How Artificial Intelligence is Unlocking Unstructured Healthcare Data to Help Transform Neurodegenerative Disease Treatment
For the roughly 1 million people in the U.S. living with multiple sclerosis (MS), the three-character ICD-
10-CM code ‘G35’ will often become a catch-all for a panoply of symptoms, various disease subtypes
and unique patient experiences that make the disease difficult to diagnose and effectively treat. The single code, which is used to identify the disease for billing and reimbursement purposes in an electronic health record (EHR), does not confer any detail about disease severity or progression, but rather confirms that a patient has MS. Unlike other conditions for which far more structured, systematized coding and measurement have been implemented over the years, MS, and many other neurological conditions, live in a world of nuance and clinician-specific interpretation that can make data-driven approaches to understanding the disease incredibly difficult.

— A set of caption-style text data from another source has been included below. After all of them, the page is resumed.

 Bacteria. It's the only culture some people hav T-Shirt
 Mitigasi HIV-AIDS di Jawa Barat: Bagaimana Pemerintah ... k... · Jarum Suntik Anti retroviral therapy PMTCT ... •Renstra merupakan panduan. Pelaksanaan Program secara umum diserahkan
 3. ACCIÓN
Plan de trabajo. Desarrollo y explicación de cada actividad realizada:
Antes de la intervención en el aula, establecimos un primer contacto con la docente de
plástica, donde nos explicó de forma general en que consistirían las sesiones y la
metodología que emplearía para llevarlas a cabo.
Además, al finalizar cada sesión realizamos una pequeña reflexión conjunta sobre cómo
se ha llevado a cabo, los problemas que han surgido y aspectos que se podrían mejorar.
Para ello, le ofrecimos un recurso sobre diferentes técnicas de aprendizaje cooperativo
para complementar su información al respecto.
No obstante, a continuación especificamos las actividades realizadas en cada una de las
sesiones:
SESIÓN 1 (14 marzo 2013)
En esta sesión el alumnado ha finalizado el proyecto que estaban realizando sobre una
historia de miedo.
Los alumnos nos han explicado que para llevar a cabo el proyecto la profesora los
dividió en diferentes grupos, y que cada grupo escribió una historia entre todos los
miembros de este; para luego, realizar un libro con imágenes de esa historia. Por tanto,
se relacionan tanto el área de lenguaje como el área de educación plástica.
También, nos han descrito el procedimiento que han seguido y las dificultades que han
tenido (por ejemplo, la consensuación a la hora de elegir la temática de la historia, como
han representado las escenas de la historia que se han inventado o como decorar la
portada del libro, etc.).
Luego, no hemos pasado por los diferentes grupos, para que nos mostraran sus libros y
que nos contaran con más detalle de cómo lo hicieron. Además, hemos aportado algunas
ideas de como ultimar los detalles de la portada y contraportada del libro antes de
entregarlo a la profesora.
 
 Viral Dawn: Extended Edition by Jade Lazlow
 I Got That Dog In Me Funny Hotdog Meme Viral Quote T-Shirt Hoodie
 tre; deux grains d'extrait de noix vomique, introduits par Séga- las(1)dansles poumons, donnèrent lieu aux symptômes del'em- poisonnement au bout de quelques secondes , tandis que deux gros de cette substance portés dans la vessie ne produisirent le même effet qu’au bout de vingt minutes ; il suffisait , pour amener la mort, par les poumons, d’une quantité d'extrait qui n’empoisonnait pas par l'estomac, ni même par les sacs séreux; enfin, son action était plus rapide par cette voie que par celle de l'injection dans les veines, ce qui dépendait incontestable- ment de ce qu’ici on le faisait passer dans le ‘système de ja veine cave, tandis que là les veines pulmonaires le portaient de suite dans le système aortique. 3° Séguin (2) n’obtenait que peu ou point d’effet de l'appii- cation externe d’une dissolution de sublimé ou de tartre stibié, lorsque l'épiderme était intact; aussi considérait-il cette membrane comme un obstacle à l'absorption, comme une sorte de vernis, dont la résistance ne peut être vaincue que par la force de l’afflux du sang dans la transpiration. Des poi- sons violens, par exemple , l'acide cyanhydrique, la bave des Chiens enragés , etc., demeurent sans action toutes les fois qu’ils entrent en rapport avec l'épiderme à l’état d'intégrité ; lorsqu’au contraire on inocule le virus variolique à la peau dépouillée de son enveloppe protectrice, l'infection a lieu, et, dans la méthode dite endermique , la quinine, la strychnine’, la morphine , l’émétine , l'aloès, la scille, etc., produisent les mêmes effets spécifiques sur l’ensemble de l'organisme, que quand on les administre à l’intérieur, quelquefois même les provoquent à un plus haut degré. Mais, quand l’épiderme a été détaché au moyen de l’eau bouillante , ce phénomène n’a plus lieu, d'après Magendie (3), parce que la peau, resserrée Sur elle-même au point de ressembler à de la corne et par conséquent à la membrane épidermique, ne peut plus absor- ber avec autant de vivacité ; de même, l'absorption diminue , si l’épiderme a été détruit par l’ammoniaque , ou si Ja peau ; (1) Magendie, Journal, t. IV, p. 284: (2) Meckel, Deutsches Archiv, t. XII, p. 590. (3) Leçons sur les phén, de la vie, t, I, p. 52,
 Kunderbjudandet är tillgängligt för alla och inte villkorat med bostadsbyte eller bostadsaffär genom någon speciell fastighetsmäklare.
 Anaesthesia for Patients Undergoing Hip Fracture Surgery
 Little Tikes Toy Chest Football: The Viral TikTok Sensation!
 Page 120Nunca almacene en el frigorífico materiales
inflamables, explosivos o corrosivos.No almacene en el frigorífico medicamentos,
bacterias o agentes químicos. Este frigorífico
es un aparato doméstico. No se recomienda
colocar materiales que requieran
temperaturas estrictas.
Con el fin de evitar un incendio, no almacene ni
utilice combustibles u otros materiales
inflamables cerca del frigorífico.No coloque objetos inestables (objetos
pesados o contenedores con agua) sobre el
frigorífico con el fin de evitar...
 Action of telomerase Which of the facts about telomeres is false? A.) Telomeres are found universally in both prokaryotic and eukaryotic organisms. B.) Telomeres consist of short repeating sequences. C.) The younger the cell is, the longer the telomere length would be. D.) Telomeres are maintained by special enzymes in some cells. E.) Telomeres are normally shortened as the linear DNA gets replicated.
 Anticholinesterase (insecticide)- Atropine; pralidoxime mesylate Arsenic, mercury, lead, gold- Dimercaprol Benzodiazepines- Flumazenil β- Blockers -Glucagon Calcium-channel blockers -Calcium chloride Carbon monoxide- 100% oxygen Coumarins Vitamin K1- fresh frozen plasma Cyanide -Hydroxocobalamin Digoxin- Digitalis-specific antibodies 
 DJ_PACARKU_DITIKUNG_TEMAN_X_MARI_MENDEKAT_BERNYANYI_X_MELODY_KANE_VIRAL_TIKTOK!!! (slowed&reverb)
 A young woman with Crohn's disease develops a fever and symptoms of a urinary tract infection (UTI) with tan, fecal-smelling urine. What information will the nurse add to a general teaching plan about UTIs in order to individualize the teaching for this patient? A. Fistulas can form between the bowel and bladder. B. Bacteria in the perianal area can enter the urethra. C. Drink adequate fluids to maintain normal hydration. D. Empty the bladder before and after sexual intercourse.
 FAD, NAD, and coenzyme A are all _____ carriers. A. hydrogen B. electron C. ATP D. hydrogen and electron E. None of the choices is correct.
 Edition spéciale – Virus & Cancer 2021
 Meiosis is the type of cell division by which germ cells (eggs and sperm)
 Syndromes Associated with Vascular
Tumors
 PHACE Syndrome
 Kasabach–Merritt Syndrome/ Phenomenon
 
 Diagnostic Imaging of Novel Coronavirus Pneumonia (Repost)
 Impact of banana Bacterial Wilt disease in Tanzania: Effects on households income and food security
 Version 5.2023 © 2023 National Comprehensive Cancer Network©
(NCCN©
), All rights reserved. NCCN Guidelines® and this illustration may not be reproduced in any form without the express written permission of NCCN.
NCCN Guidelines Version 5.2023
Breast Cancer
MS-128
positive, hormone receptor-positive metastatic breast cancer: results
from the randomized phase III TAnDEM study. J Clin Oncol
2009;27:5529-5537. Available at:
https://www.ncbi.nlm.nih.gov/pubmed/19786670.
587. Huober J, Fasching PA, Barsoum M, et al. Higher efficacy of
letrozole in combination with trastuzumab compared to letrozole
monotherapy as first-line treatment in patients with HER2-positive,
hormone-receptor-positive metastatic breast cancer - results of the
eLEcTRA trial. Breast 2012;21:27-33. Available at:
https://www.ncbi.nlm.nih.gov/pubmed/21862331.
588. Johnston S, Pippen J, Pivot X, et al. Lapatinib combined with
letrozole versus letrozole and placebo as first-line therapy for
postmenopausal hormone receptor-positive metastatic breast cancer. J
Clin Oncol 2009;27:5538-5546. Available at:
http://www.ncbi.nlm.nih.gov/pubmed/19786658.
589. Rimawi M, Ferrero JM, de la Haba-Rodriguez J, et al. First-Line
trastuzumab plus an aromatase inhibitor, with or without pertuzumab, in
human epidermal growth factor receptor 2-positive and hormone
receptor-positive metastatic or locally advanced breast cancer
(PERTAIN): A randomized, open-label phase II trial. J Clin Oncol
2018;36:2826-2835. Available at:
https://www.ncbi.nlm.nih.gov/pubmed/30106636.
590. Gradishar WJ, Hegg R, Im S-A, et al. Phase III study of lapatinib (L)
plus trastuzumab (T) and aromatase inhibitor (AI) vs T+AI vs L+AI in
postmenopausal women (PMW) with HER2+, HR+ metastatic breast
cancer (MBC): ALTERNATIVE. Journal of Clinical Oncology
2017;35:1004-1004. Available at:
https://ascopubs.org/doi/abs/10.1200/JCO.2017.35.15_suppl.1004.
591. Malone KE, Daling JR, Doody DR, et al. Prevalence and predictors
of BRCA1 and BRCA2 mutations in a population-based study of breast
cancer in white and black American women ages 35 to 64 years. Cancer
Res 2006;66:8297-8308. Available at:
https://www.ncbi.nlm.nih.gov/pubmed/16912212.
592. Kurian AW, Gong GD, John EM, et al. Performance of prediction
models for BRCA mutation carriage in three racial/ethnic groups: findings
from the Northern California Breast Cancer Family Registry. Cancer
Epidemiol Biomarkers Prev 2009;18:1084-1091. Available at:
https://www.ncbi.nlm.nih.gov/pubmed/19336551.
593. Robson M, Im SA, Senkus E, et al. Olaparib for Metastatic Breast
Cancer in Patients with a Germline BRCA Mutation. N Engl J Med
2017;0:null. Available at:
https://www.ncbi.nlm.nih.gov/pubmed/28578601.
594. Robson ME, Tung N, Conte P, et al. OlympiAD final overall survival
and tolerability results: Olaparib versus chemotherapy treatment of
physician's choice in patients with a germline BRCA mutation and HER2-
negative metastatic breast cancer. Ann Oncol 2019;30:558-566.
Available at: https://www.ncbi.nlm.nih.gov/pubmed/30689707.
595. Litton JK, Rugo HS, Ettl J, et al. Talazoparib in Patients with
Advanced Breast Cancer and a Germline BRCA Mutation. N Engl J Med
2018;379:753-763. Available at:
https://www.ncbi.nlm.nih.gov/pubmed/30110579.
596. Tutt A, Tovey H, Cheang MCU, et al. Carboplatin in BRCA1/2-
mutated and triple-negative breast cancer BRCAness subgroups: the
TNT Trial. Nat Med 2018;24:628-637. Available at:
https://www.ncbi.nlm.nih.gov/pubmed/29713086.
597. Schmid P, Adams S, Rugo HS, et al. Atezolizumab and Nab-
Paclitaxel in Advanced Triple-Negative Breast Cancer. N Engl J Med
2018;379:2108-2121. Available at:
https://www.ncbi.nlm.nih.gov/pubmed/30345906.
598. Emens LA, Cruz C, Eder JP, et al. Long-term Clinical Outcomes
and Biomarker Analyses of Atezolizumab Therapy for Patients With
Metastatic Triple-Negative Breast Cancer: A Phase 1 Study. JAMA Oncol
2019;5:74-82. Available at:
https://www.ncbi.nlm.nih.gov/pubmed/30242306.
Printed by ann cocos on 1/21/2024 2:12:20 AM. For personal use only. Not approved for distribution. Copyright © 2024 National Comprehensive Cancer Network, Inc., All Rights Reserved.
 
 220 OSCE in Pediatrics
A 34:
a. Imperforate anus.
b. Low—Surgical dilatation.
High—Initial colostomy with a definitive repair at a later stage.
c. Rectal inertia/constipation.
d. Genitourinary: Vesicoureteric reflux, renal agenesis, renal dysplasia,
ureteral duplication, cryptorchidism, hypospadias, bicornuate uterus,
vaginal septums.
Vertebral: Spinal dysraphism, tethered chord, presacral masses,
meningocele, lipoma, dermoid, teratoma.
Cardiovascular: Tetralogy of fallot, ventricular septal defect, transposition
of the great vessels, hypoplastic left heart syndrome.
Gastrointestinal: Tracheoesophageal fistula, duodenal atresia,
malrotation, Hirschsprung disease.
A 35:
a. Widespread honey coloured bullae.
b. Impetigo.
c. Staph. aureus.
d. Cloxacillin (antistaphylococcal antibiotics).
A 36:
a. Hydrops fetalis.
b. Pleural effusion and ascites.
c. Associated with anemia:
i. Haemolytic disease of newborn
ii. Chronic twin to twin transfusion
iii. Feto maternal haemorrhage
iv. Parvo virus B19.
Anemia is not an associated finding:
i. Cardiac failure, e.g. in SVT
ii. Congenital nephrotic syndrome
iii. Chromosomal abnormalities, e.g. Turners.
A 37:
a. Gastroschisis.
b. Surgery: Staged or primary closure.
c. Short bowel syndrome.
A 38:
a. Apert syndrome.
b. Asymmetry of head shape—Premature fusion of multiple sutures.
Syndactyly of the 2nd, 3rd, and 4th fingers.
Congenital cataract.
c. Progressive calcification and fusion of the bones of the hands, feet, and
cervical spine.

The absence of structured, standardized information in EHRs is a phenomenon that is not often discussed in conversations about the revolution in real-world evidence (RWE) and patient-centric data. Over the last decade, this type of data-driven analysis has made it possible to transform clinical trial design, revolutionize health economics and outcomes research (HEOR), and even drive regulatory approvals with synthetic control arms informed by RWE. Across dozens of therapeutic areas, RWE has made it possible to understand detailed patient journeys at a scale and level of detail that was never before possible.